That is not a shared-universe order. It is simply the least confusing way to move through the catalog as it was released.

Latest release status

Ali Hazelwood’s official site and publisher pages show an active catalog through 2026. Mate released in October 2025, and Two Can Play received its Berkley print release on February 10, 2026, after first appearing as an audio release in 2024. At the moment, Bride remains the clearest ongoing paranormal line, while the contemporary novels are still mostly being published as standalones or loose companion books.

FAQs

What is the best Ali Hazelwood book to start with?

The Love Hypothesis is still the safest starting point. It is the cleanest introduction to her voice, tone, and romantic structure.

Do Ali Hazelwood books need to be read in order?

Usually, no. Most are standalones. The main exceptions are Bride → Mate and Not in Love → Problematic Summer Romance.

Is Loathe to Love You a separate novel?

No. It is the collected edition of Under One Roof, Stuck with You, and Below Zero.

Is Check & Mate connected to the STEM books?

No. It is a YA chess novel and works as its own lane.

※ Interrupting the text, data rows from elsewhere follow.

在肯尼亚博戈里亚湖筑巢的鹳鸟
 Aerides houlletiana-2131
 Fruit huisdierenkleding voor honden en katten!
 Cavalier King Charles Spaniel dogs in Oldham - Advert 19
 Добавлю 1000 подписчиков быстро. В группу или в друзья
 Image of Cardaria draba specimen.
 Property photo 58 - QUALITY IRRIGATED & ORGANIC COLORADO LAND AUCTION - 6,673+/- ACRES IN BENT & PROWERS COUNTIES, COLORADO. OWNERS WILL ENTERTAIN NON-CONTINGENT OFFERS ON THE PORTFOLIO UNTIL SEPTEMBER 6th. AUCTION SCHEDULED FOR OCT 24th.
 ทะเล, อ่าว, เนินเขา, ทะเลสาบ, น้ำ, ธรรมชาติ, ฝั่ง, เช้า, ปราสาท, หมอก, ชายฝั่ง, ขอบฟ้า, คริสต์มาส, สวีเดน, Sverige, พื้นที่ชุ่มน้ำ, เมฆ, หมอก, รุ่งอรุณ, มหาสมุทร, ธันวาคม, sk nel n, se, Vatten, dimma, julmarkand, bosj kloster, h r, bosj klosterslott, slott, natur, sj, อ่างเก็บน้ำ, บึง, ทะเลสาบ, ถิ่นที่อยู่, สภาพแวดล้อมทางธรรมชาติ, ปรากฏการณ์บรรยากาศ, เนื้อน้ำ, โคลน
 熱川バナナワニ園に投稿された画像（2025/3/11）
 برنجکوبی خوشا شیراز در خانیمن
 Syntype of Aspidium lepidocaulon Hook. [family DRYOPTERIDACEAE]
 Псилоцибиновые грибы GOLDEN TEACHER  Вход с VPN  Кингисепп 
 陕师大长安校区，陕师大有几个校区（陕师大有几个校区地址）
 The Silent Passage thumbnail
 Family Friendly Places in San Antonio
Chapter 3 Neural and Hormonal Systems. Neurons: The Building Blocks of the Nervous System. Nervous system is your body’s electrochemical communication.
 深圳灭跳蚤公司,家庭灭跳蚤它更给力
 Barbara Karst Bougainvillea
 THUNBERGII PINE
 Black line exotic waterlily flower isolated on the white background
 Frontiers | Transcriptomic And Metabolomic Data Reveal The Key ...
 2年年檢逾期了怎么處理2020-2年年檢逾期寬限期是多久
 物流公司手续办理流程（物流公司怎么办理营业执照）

Is Two Can Play a 2024 or 2026 book?

Both dates matter. It debuted in audio in 2024 and then got a Berkley print/ebook release in 2026.

Final recommendation

If you want one clean answer, start with The Love Hypothesis.

If you want the best “read everything important without getting lost” path, go from The Love Hypothesis through Love, Theoretically, then branch to Bride, Not in Love, Deep End, and the linked follow-ups.

If you are a completist, add the short-form extras last. They are real parts of Hazelwood’s bibliography, but they are not the books that define her main reading order.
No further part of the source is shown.